EXERCISE MATERIALS:
▼

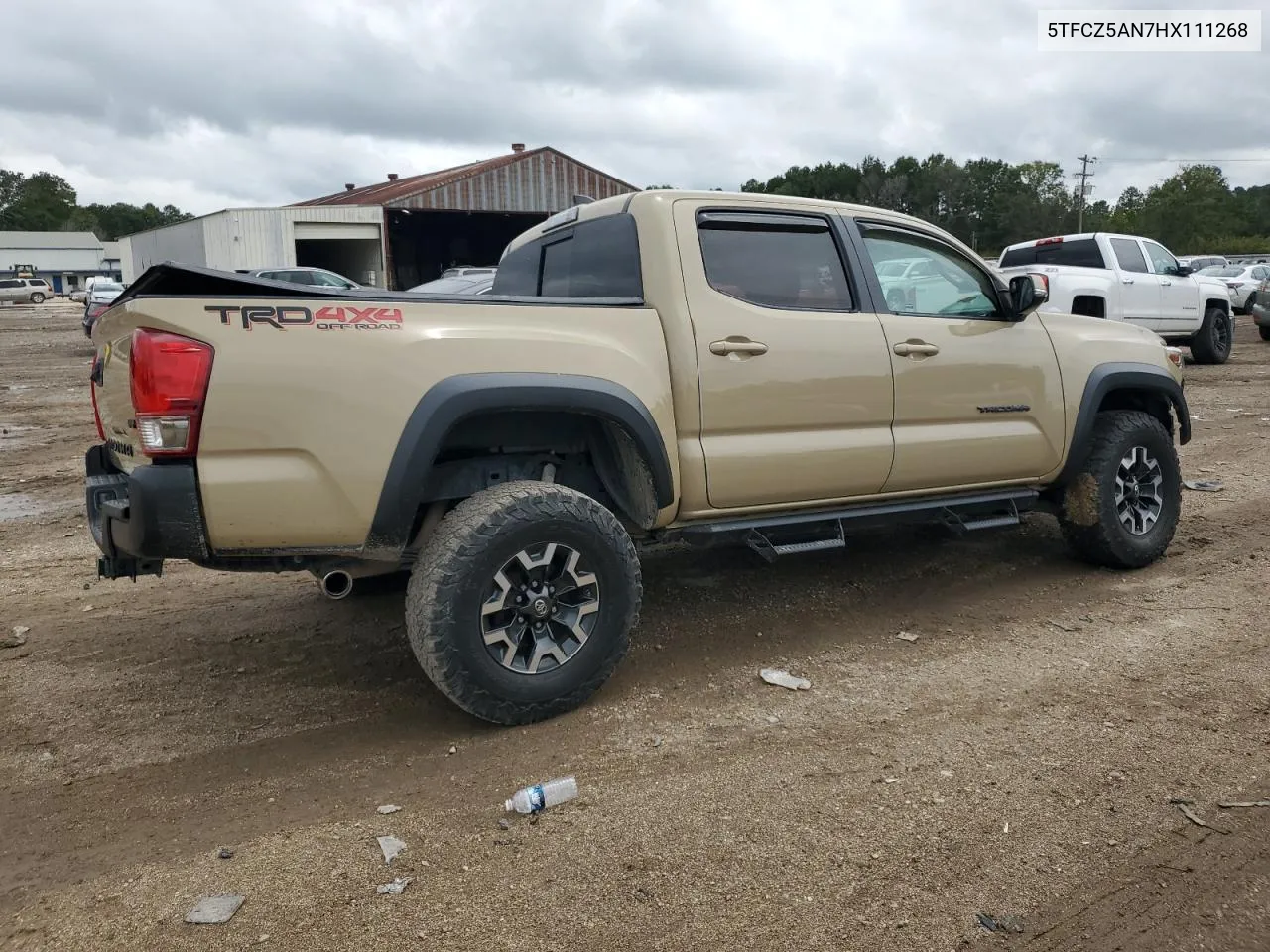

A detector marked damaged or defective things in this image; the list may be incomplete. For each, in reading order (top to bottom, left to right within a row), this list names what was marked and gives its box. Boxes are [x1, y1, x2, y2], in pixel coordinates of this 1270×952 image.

rusty metal roof [292, 146, 640, 211]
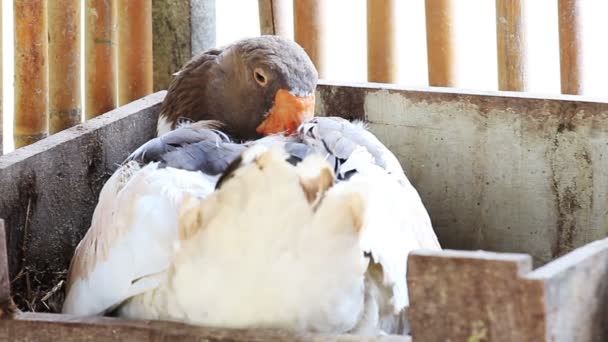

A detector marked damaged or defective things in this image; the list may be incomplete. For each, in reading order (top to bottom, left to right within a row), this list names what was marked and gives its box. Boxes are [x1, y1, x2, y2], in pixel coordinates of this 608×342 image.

rusty stain on wood [14, 0, 49, 149]
rusty stain on wood [48, 0, 82, 134]
rusty stain on wood [86, 0, 118, 120]
rusty stain on wood [117, 0, 153, 105]
rusty stain on wood [151, 0, 190, 91]
rusty stain on wood [258, 0, 292, 37]
rusty stain on wood [294, 0, 326, 77]
rusty stain on wood [366, 0, 400, 83]
rusty stain on wood [426, 0, 454, 87]
rusty stain on wood [498, 0, 528, 91]
rusty stain on wood [560, 0, 580, 95]
rusty stain on wood [408, 250, 548, 340]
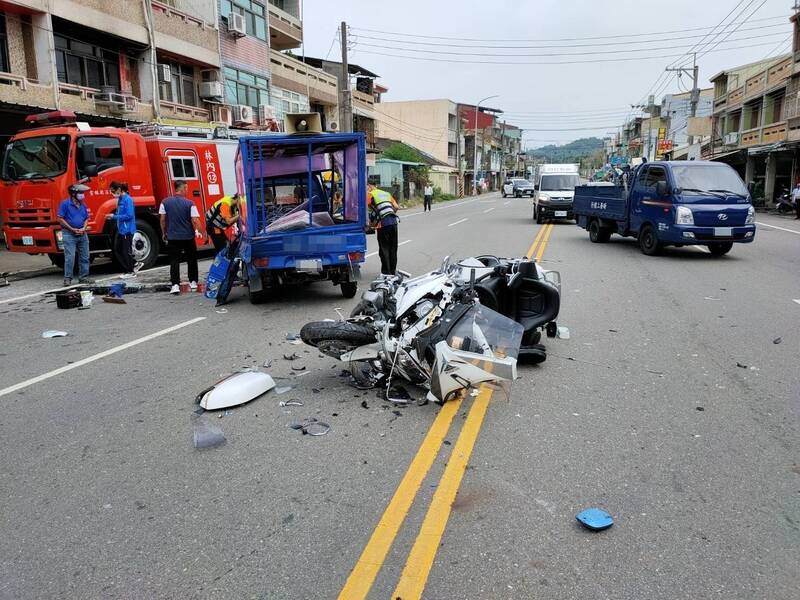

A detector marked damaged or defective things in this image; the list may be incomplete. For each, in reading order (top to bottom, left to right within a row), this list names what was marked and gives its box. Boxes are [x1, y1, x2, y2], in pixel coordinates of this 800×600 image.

detached wheel [131, 219, 159, 268]
detached wheel [588, 219, 612, 243]
detached wheel [636, 223, 664, 255]
detached wheel [340, 282, 358, 298]
destroyed motorcycle [302, 254, 564, 404]
broken plastic piece [196, 372, 276, 410]
broken plastic piece [195, 420, 228, 448]
broken plastic piece [576, 506, 612, 528]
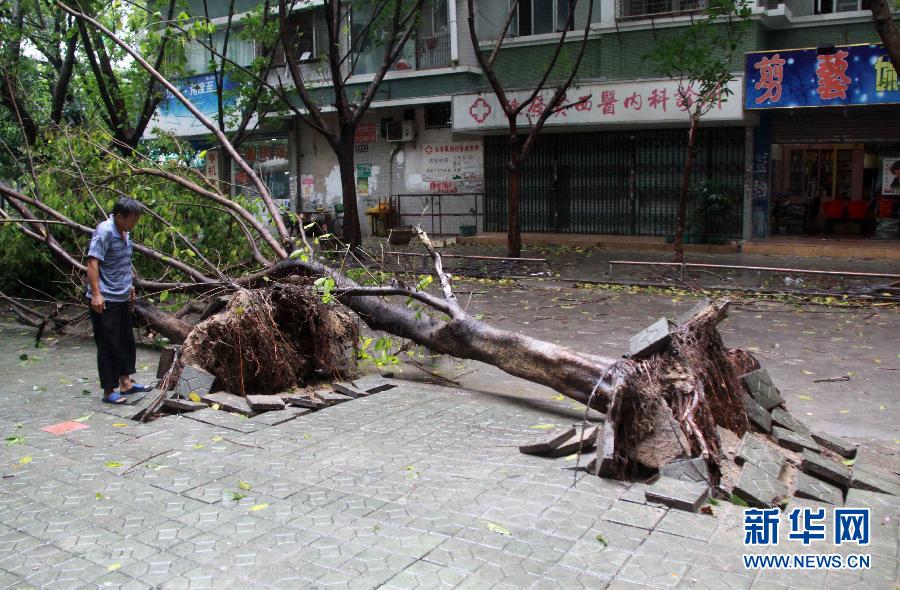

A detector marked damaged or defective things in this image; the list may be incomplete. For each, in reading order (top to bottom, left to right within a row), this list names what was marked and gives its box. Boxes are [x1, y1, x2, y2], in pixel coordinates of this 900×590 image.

broken paving brick [628, 320, 672, 360]
broken paving brick [177, 366, 217, 402]
broken paving brick [198, 394, 251, 416]
broken paving brick [312, 388, 350, 408]
broken paving brick [330, 384, 370, 402]
broken paving brick [352, 376, 394, 396]
broken paving brick [740, 394, 768, 434]
broken paving brick [740, 370, 784, 412]
broken paving brick [768, 410, 812, 438]
broken paving brick [520, 428, 576, 456]
broken paving brick [540, 428, 596, 460]
broken paving brick [648, 476, 712, 512]
broken paving brick [656, 458, 712, 486]
broken paving brick [736, 434, 784, 480]
broken paving brick [736, 462, 792, 508]
broken paving brick [768, 428, 820, 456]
broken paving brick [796, 474, 844, 506]
broken paving brick [800, 450, 852, 488]
broken paving brick [808, 432, 856, 460]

▲

BRIEF:
In the listing above, find the line containing "this 900×590 image." and please quote exactly that line through the last one, and no other lines.

OUTPUT OF THE EXERCISE:
A detector marked damaged or defective things in this image; the list may be incomplete. For each, in reading order (top to bottom, left to right within a row), this list names what was marked and gives its box. Boxes are [x1, y1, x2, y2], in pixel coordinates of this 900×590 image.

broken paving brick [628, 320, 672, 360]
broken paving brick [177, 366, 217, 402]
broken paving brick [198, 394, 251, 416]
broken paving brick [312, 388, 350, 408]
broken paving brick [330, 384, 370, 402]
broken paving brick [352, 376, 394, 396]
broken paving brick [740, 394, 768, 434]
broken paving brick [740, 370, 784, 412]
broken paving brick [768, 410, 812, 438]
broken paving brick [520, 428, 576, 456]
broken paving brick [540, 428, 596, 460]
broken paving brick [648, 476, 712, 512]
broken paving brick [656, 458, 712, 486]
broken paving brick [736, 434, 784, 480]
broken paving brick [736, 462, 792, 508]
broken paving brick [768, 428, 820, 456]
broken paving brick [796, 474, 844, 506]
broken paving brick [800, 450, 852, 488]
broken paving brick [808, 432, 856, 460]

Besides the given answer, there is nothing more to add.